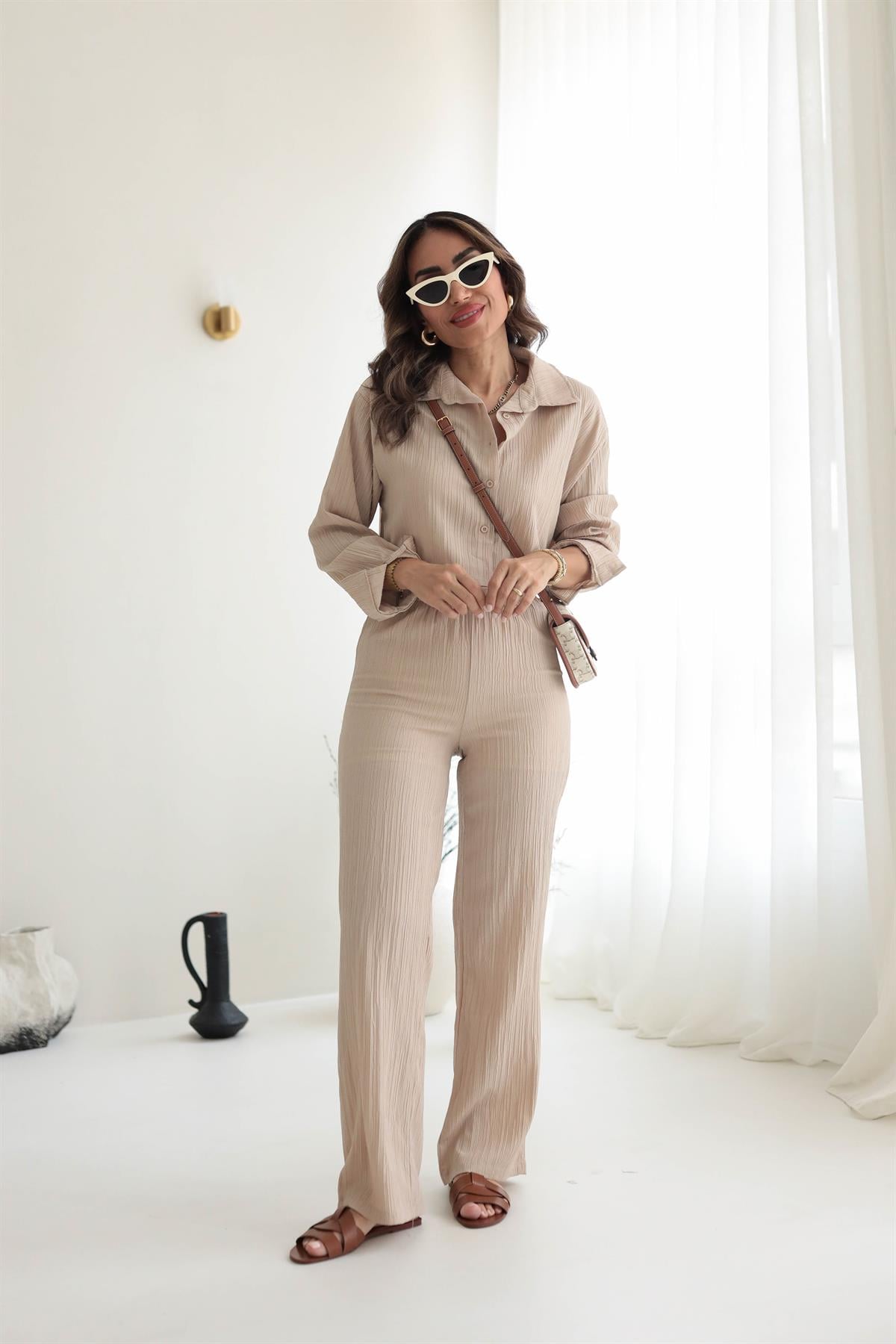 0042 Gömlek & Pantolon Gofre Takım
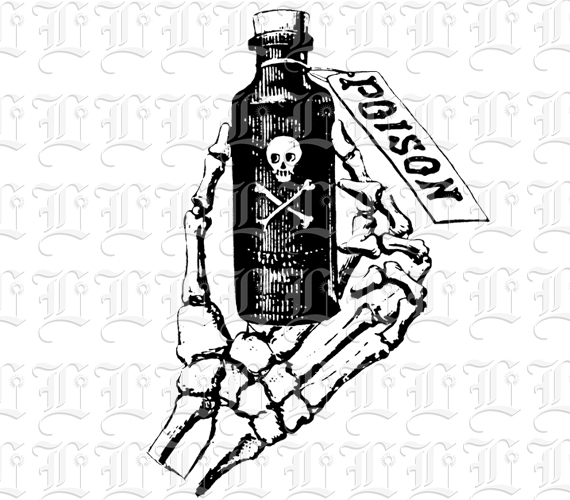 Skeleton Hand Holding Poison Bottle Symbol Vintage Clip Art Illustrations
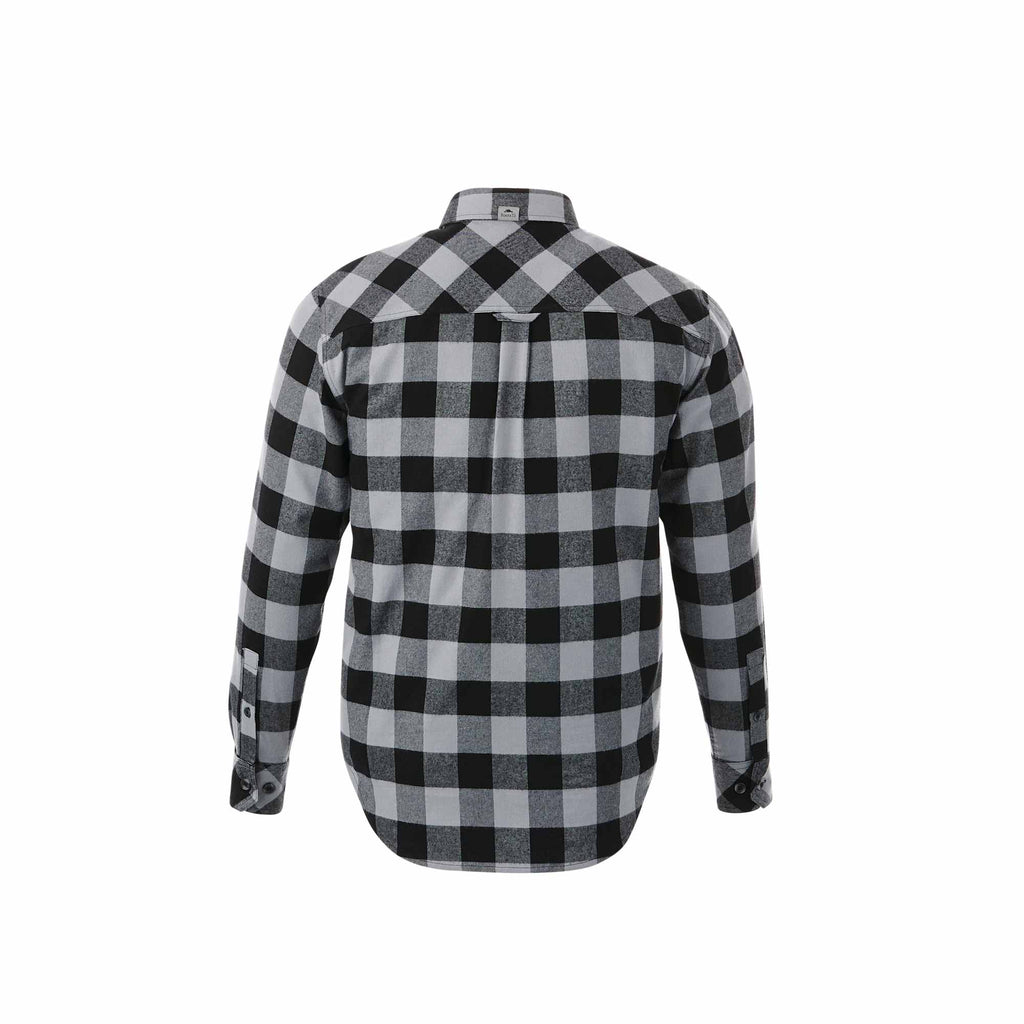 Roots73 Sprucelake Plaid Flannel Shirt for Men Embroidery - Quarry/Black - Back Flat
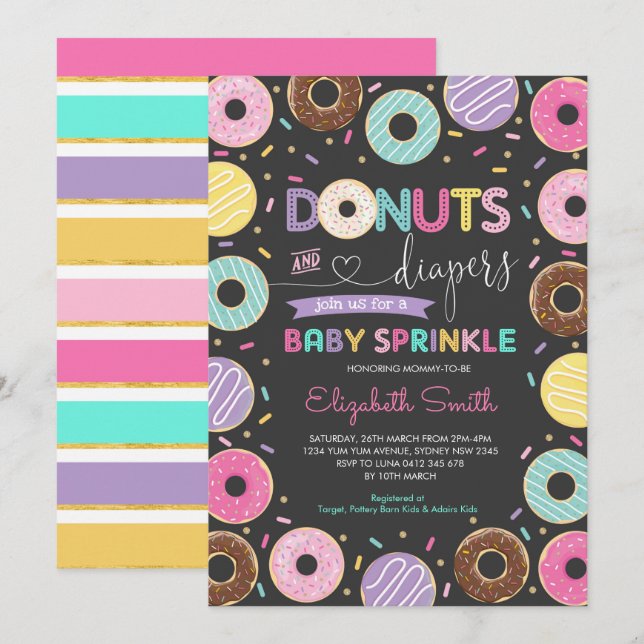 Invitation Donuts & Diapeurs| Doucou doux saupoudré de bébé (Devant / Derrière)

· · · ·

== Task to complete ==
Repeat all of the data above word for word, minus the pictures.

== Written answer ==
 0042 Gömlek & Pantolon Gofre Takım
 Skeleton Hand Holding Poison Bottle Symbol Vintage Clip Art Illustrations
 Roots73 Sprucelake Plaid Flannel Shirt for Men Embroidery - Quarry/Black - Back Flat
 Invitation Donuts & Diapeurs| Doucou doux saupoudré de bébé (Devant / Derrière)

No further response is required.